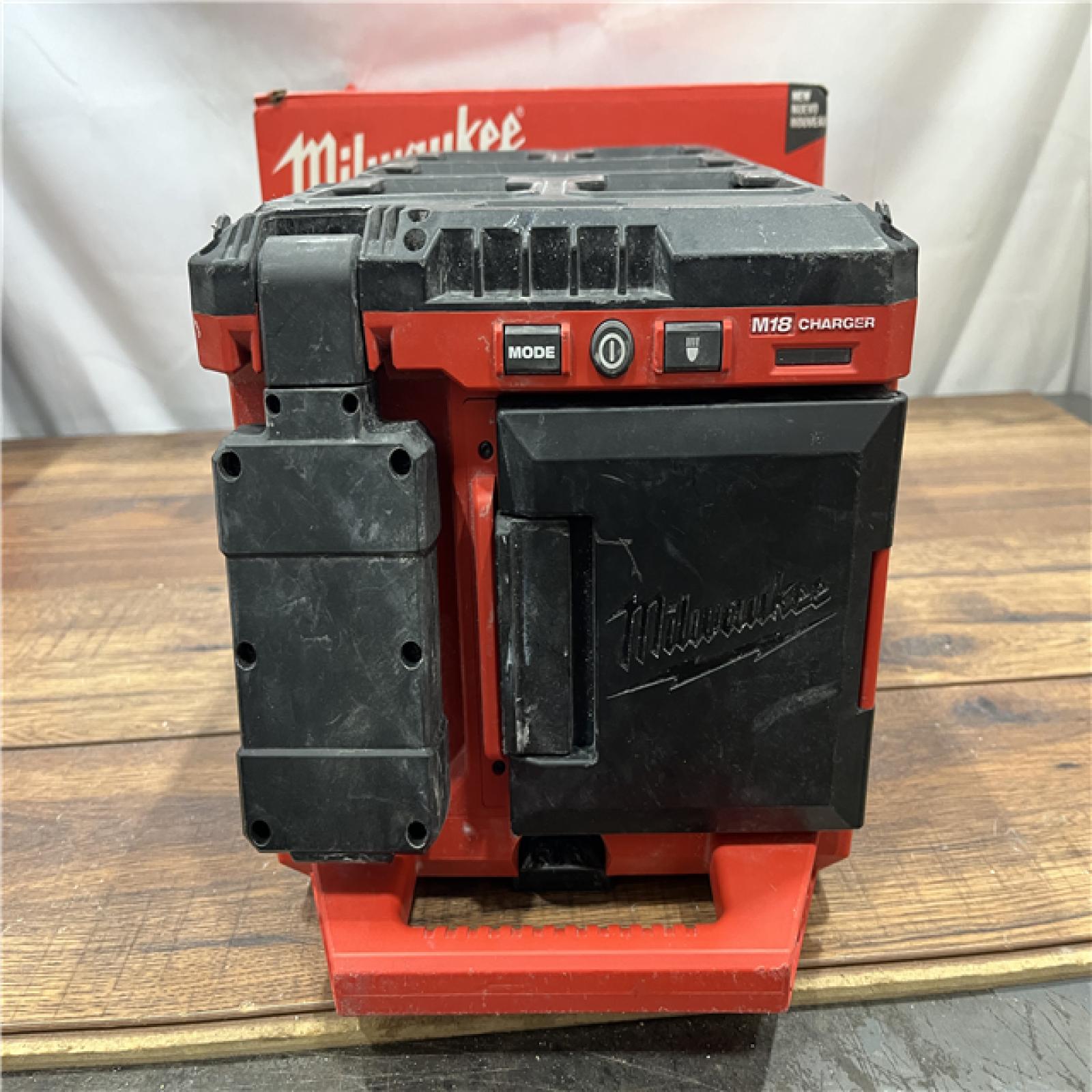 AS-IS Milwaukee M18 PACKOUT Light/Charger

* * *

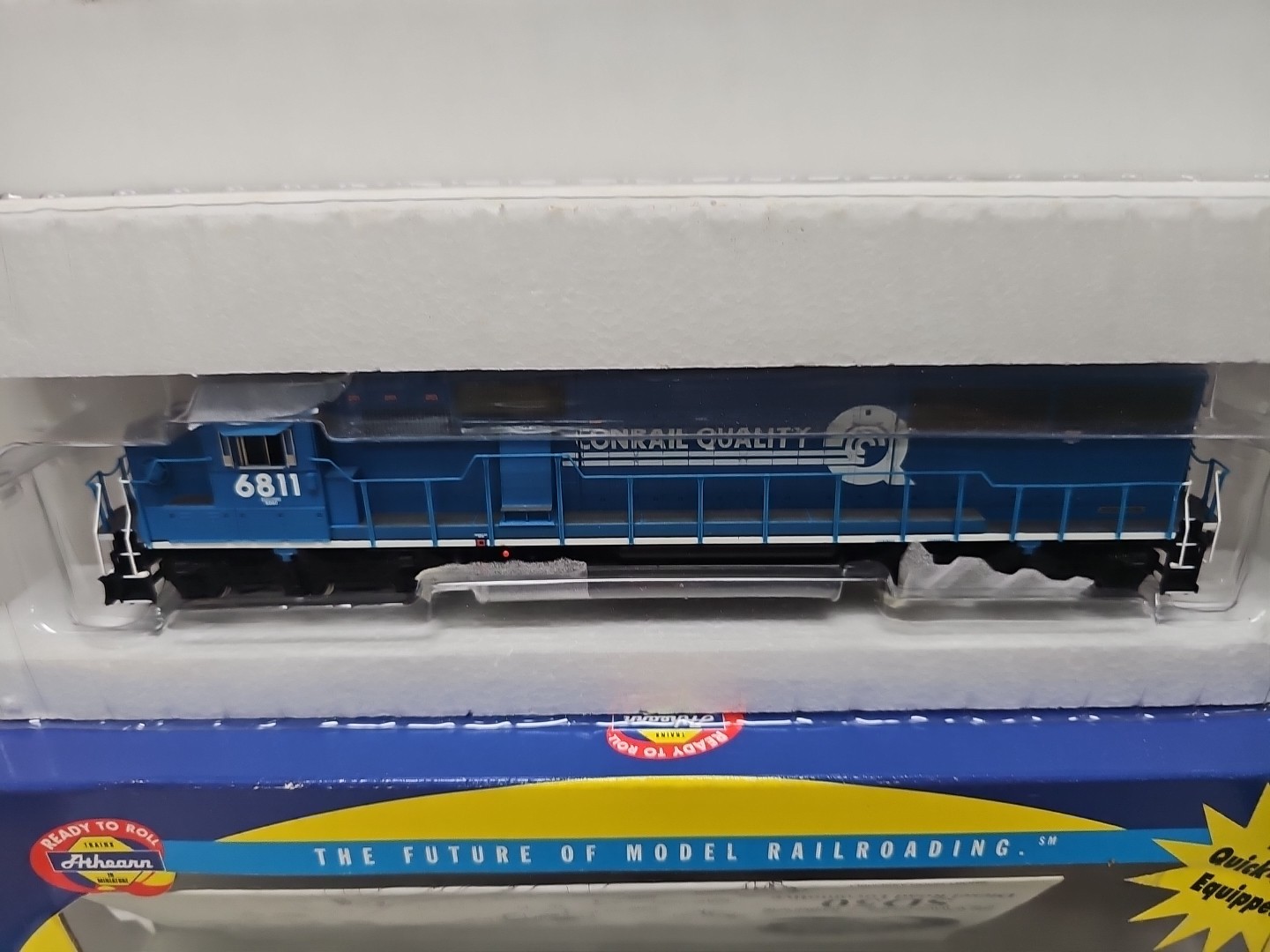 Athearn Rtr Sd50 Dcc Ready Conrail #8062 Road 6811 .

--

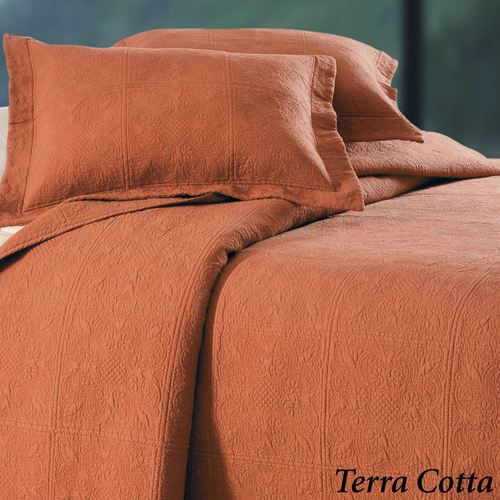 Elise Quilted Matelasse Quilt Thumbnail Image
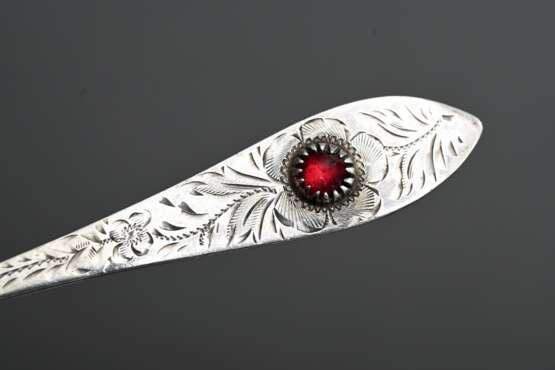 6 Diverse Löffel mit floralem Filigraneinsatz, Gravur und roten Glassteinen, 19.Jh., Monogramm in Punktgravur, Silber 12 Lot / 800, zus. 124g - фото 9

- **Problem requirements**
Above are entries with pictures among them. Write out exactly the lines from the one containing "Elise Quilted Matelasse" through the one containing "6 Diverse Löffel", ends included, and leave those pictures out.

- **Response**
 Elise Quilted Matelasse Quilt Thumbnail Image
 6 Diverse Löffel mit floralem Filigraneinsatz, Gravur und roten Glassteinen, 19.Jh., Monogramm in Punktgravur, Silber 12 Lot / 800, zus. 124g - фото 9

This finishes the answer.